He doesn't say, I'll beat her and make her follow me or I'll
drag her. He says, I will allure her and bring
her into the wilderness which is where we find the Shulamite
in this Song of Solomon. and speak comfortably
unto her." You see, it's His sovereign promise, isn't it?
He will allure her. He will draw His people to Himself
by the beauties of the Lord Jesus being displayed. The truth of
who he is is endlessly attractive to God's people. See, he will
do the alluring. He will do the bringing into
the wilderness and he will speak comfortably unto her. That word
comfortably means that he will speak friendly words to her heart. He will speak a word to her. You brothers and sisters are
among the bride of the Lord Jesus. Isn't that a great delight that
God draws us with the attractiveness of the person of his son. We
are drawn to him We are drawn to see how beautiful He is. And here is this Bride, like
so many of us here in so much of our lives, we feel that He
is distant. We feel that we have damaged
the relationship in some way by our sin and by our slothfulness,
by the fact that we ignore Him and we treat Him with contempt. But what does he say? He says,
I've loved you with an everlasting love. Therefore, this love of
the Lord Jesus, this real everlasting love, is an effectual love. This idea that God loves everyone
and He's done His best is such a blasphemy. It is such a blasphemy
against the character of God. And because it's a blasphemy
against the character of God, it does damage to all people. It does damage to the perishing,
giving them peace that they do not deserve and never will have. and it does harm to God's children
because it takes something which is precious, this precious pearl,
and it's cast out into this world to be trodden on like mud in
the streets. God's love in Jeremiah 31.3 that
I just quoted. He's loved you with an everlasting
love, brothers and sisters. Therefore with loving kindness
will I draw you. You see, she's drawn to this
stage, isn't she? She's drawn, and He has sovereignly
been there when she's been beaten. He's sovereignly been there when
she's felt wounded. And then he sovereignly calls
this question to be asked. It's a great question, isn't
it? What is thy beloved more than another beloved? It's a
question that this book asks in the most remarkable ways,
isn't it? And Song of Solomon especially
asks that question and draws the most beautiful answers out
of the Shulamite. at these things that are before
us today. It says that his cheeks are as
a bed of spices, as sweet as flowers. There are just two headings
in a sense in this sermon, isn't it? His cheeks, Christ looked
upon, is lovely. And then she says, His lips,
like lilies dropping sweet smelling myrrh, Christ listened to, Christ
being heard from, is very, very precious. Let's look at them
just briefly. Looking upon the Lord Jesus,
she's actually recalling, and this is by the eyes of faith,
isn't it? He's not there in her presence.
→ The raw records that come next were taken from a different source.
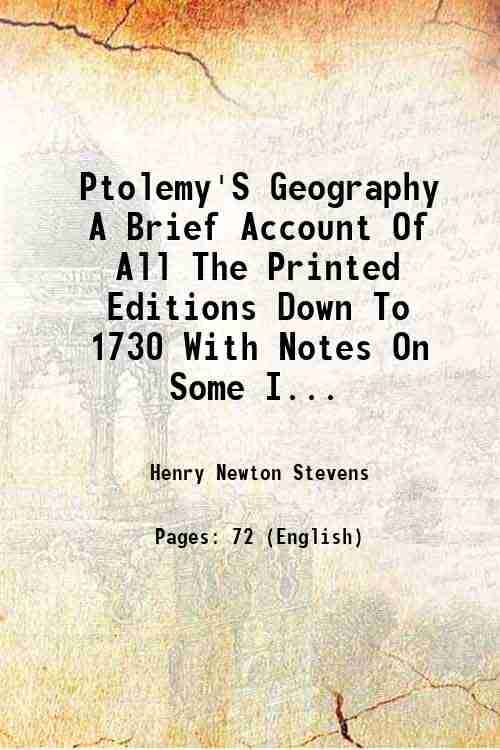     			Ptolemy'S Geography A Brief Account Of All The Printed Editions Down To 1730 With Notes On Some Important Variations Observed In That Of U [Hardcover]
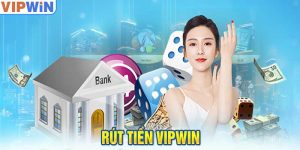 Rút Tiền VINWIP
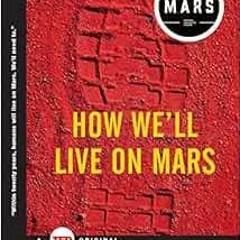 Read online How We'll Live on Mars (TED Books) by Stephen Petranek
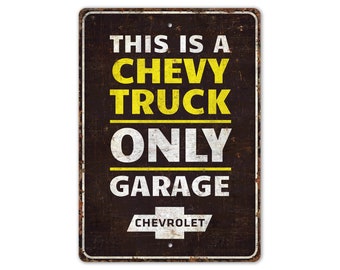 Chevy Truck Only Garage - Chevy Truck Garage - Chevy Garage Sign - Garage Decor - Vintage Style Sign - Premium Quality Rustic Metal Sign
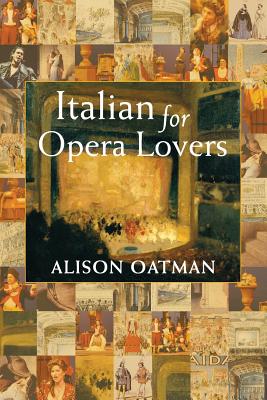 Italian for Opera Lovers - Oatman, Alison R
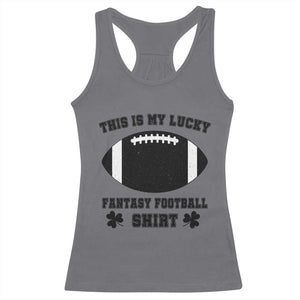 Lucky Fantasy Football Racerback Tank Top Vintage Commissioner Draft Party Commish FFL TS10 Charcoal Print Your Wear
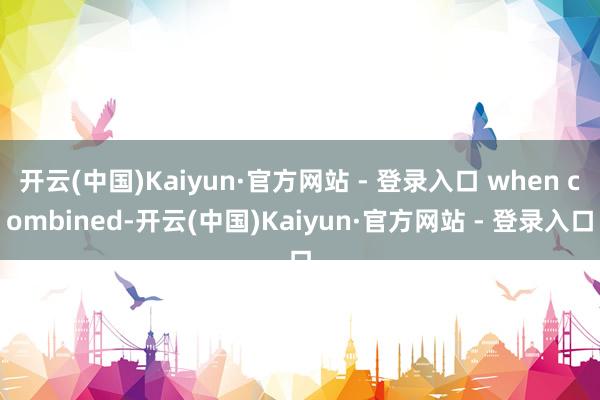 开云(中国)Kaiyun·官方网站 - 登录入口 when combined-开云(中国)Kaiyun·官方网站 - 登录入口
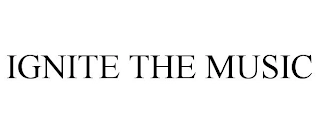 IGNITE THE MUSIC Trademark Image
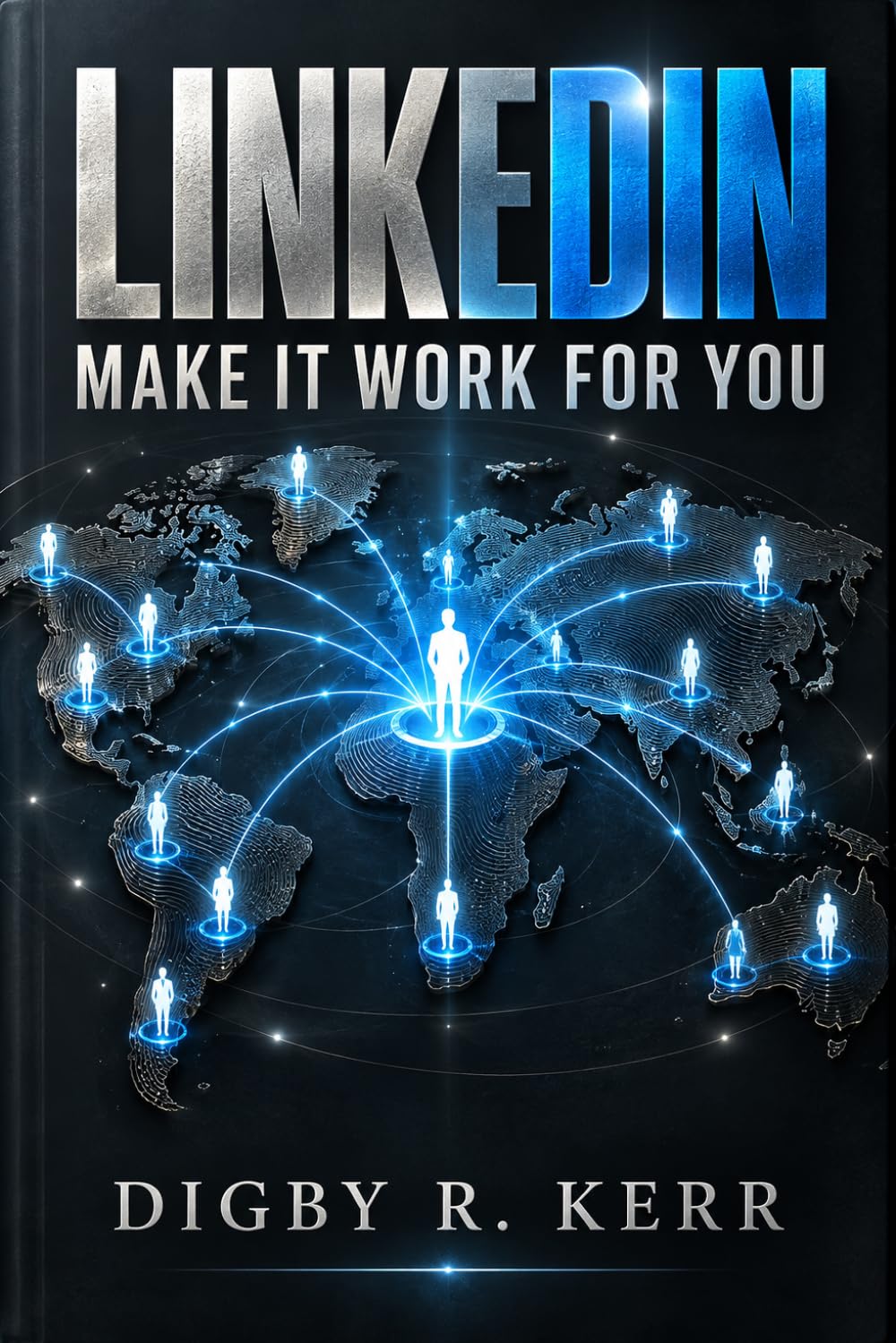 LinkedIn: Make It Work for You: Build Authority, Create Better Connections, and Turn LinkedIn Into Real Business baixar o livro de graça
But she says that His cheeks, His face, God says, in Isaiah
42, look unto me and be ye saved, all the ends of the earth. See, salvation is in a look,
isn't it? Looking unto Jesus. Salvation
and sanctification is a continual look, isn't it? Fix your eyes
upon the Lord Jesus, the author and the perfecter of faith. And
in heaven's glories, They will see His face. His cheeks can represent so many
things, can't they? They can represent how God sees
things. Our cheeks reflect our feelings
and our emotions more than many other parts of our face. It reflects
what He thinks. It reflects His attitudes, It
reflects in a sense His manifestation. We beheld His glory, they said,
the glory of the only begotten of the Father. You see one of
the great things about this book and about this particular passage
is that the Lord Jesus is defined in detail. And Norm did a great
job explaining how the wisdom of God is revealed in the person
and work of the Lord Jesus. And it's a detailed description. It's a precise description. We
want to say that the Lord Jesus is as He is, described in this
book. We pray that the Lord would cause
us to be faithful witnesses, that when we describe Him and
describe His character, we would just be faithful to who He is. It speaks of His revelation,
it speaks of the way He is, it speaks of His countenance, His
face. Proverbs 16.15 says, in the illumination
of the King's countenance is life. Unless He reveals His face, we
cannot see Him. Unless these words become life,
we cannot see. We do not have eyes. The hearing
ear and the seeing eye, both of them are from the Lord. As Job said, if he hides his
face, who then can behold him? God's face. is going to be beheld
by everyone. In Psalm 34, 16 it says, The
face of the Lord is against them that do evil. Let the Lord our God comes in
the person of His Son, and we can touch Him, and we can feel
Him, and the Scriptures say that in 1 John they actually examined
Him. They had opportunity as Moses
did. The Lord spoke to Moses as a
man, face to face. It means that He revealed Himself,
revealed His heart to him. But these cheeks, speak of something
else, don't they? In that part of the world and
in our world, the cheek is the place upon which people are kissed
and greeted. It's the softest part of the
face. It's the place where face to
face there is fellowship and there is meeting and there is
intimacy. when we are called upon to greet
each other with a holy kiss. It was a kiss upon the cheeks. The cheeks are the place where
we can express love in return. The cheeks are the place that
represent the intimacy of communion. He is, as a man, our brother. He's one with us. He's bone of
our bones and flesh of our flesh. He's our next of kin. It's a remarkable thing, isn't
it, to think that this God who reigns over this universe is
yet revealing Himself in an intimacy of communion and union with His
people. The Holy Spirit that was poured
out on Him and descended upon Him descends upon us. We are one with Him. As He is, so are we in this world. You see, these are just pictures
of the delightful truths about the Lord Jesus, which invite
and bring delight in communion and fellowship with Him. But
it was a union and a communion which cost Him dearly. If you turn in your Bibles to
Isaiah chapter 50, The Lord Jesus is spoken of here
as that servant, that willing and obedient servant who for
love for his family and love for his Master took on that place
of the servant that we read about in Exodus 20, verse 5 of chapter
51 of Isaiah. The Lord God has opened by an
ear. The opening of the ear is a sign
of His commitment, his covenant to his father and to his bride. He won't go free. He won't go
away on his own. The Lord God has heard my ear.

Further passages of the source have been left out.